» Data listing:
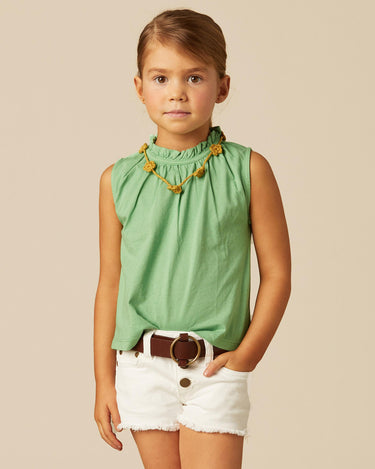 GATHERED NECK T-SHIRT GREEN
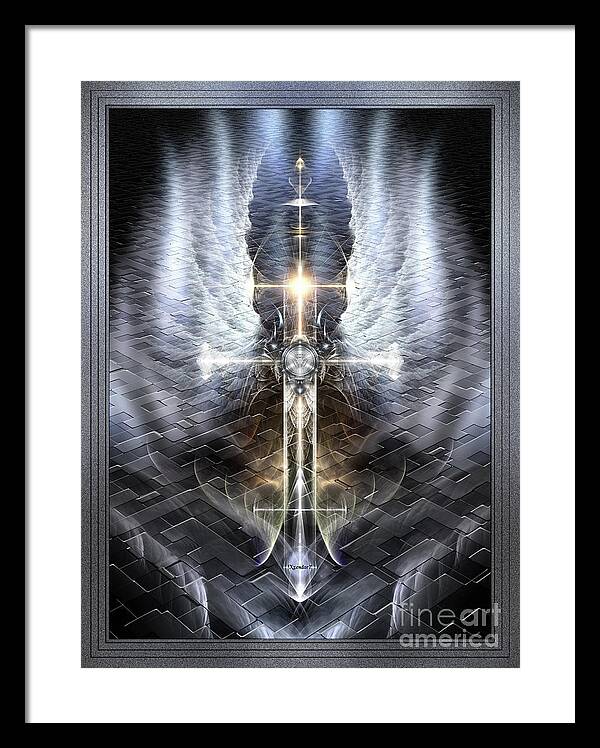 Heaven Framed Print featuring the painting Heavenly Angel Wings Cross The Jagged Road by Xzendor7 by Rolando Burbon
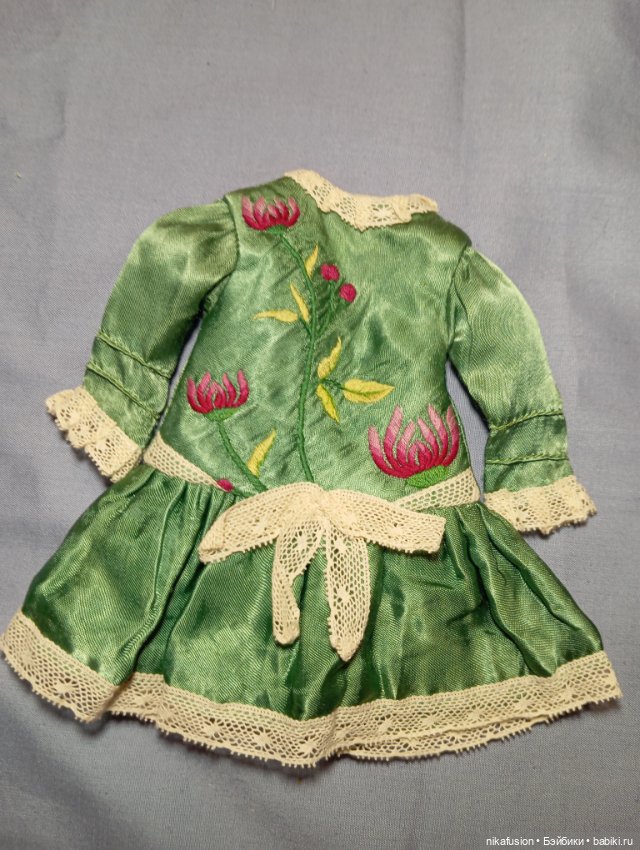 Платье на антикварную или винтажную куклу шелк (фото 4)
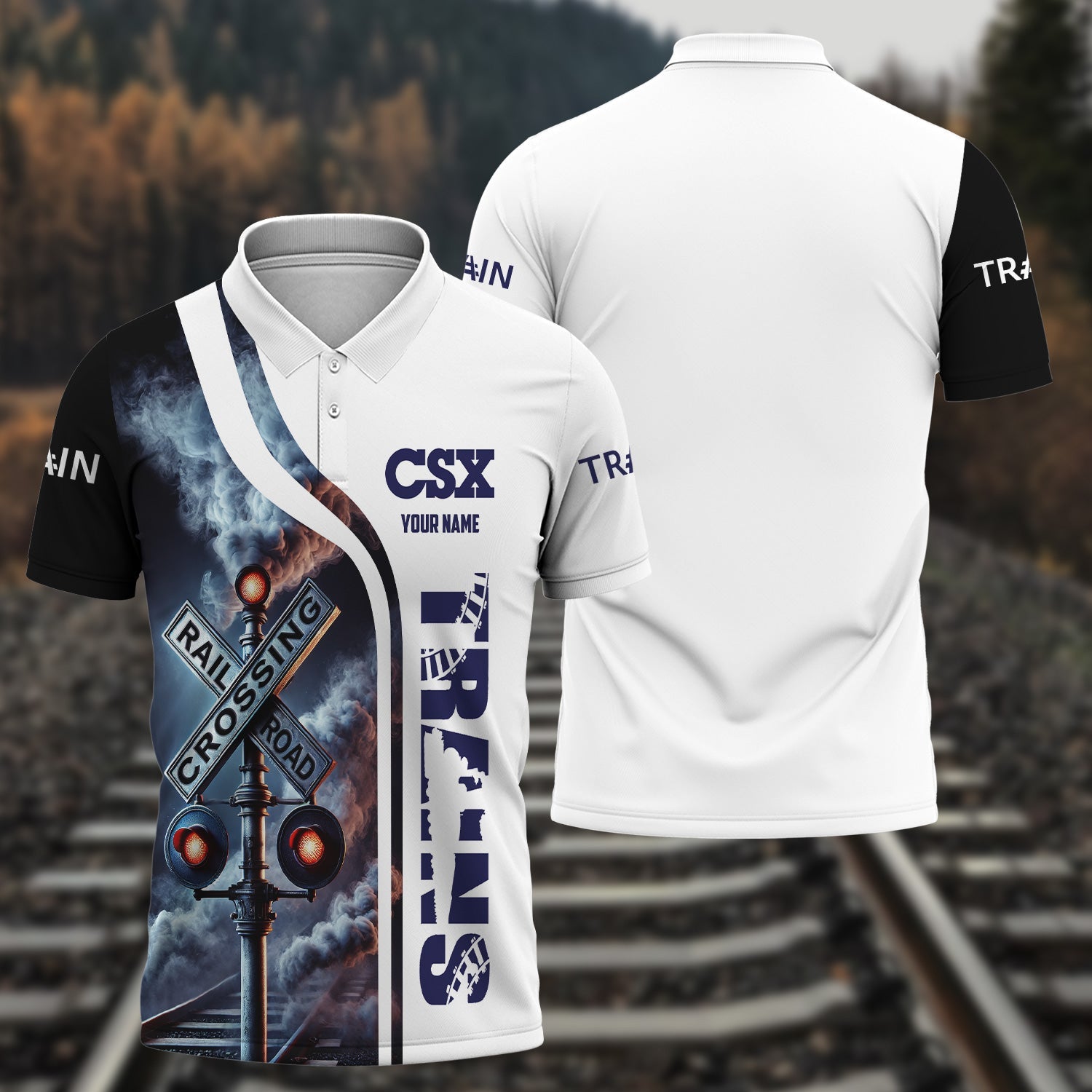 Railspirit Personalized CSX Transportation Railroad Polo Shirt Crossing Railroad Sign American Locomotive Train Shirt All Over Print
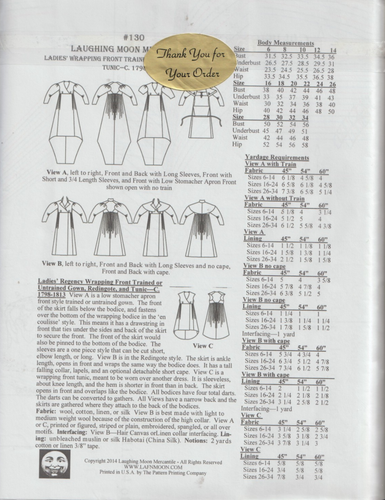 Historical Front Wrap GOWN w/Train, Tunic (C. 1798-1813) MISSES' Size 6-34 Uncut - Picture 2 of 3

» Directions:
With pictures excluded, the data must be transcribed in full and to the letter.

» Result of the task:
 GATHERED NECK T-SHIRT GREEN
 Heaven Framed Print featuring the painting Heavenly Angel Wings Cross The Jagged Road by Xzendor7 by Rolando Burbon
 Платье на антикварную или винтажную куклу шелк (фото 4)
 Railspirit Personalized CSX Transportation Railroad Polo Shirt Crossing Railroad Sign American Locomotive Train Shirt All Over Print
 Historical Front Wrap GOWN w/Train, Tunic (C. 1798-1813) MISSES' Size 6-34 Uncut - Picture 2 of 3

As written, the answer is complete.